Azwin juga menjelaskan di tahun ini PLN TJB Jepara telah berhasil menyalurkan 115.778 buah paving dan 82.100 batako dari FABA untuk pembangunan infrastruktur. Setelah tahun lalu membukukan 15.241 paving dan 20.466 batako.

Setelah dikeluarkannya Peraturan Pemerintah Republuk Indonesia Nomor 22 Tahun 2021, Tentang Penyelenggara Perlindungan Dan Pengelolaan Lungkungan Hidup.

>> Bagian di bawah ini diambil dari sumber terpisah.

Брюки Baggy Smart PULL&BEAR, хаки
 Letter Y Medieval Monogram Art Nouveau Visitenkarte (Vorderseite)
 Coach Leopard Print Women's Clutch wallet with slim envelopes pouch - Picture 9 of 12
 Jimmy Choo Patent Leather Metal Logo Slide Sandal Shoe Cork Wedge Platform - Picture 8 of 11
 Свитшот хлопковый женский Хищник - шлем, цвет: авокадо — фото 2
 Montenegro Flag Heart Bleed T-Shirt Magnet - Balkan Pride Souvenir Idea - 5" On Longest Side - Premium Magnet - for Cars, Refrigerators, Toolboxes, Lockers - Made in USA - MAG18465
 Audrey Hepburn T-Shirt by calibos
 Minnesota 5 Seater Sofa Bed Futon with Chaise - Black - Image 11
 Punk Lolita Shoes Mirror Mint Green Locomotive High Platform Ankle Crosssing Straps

Azwin yakin pemanfaatan FABA untuk pembangunan infrastruktur bisa meningkat signifikan. Peraturan Pemerintah tersebut telah mengatur FABA keluar dari daftar bahan berbahaya dan beracun (B3). ”Tentunya FABA bisa dimanfaatkan untuk menggantikan pasir sehingga mengurangi galian C yang merusak lingkungan,” lanjut Azwin.

Azwin berharap pemerintah daerah dan dunia usaha bisa berkolaborasi memanfaatkan FABA untuk membangun infrastruktur daerah.

”Dari kajian yang ada FABA bisa menghemat sekitar 30 persen. Jadi bisa lebih optimal,” tandas Azwin.

Secara terpisah, Bupati Jepara Dian Kristiandi S.Sos.sangat merespon baik dengan potensi pemanfaatan FABA di bidang pembangunan infrastruktur. Di mana pemerintah kabupaten Jepara masih gencar menjalankan program pembangunan jalan maupun rumah tidak layak huni. ”Mana yang lebih bisa memberi manfaat pemerintah akan mengambil langkah,” imbuhnya.

Mas andi sapaan akrabnya akan mendorong pemanfaatan FABA jika dalam kajian laboratorium bisa digunakan. Mengingat tidak lagi masuk dalam daftar limbah B3. Pihaknya tidak menutup kemungkinan untuk memanfaatkan FABA dalam pembanguan insfrastruktur di Kabupaten Jepara.

”Apakah itu harus dengan proses perijinan dan segala macam. Atau seperti apa belum melihat secara rinci. Tapi prinsipnya jika bisa digunakan secara umum sepeti barang lain yang non B3 tentu akan kita manfaatkan,” tutur mas andi.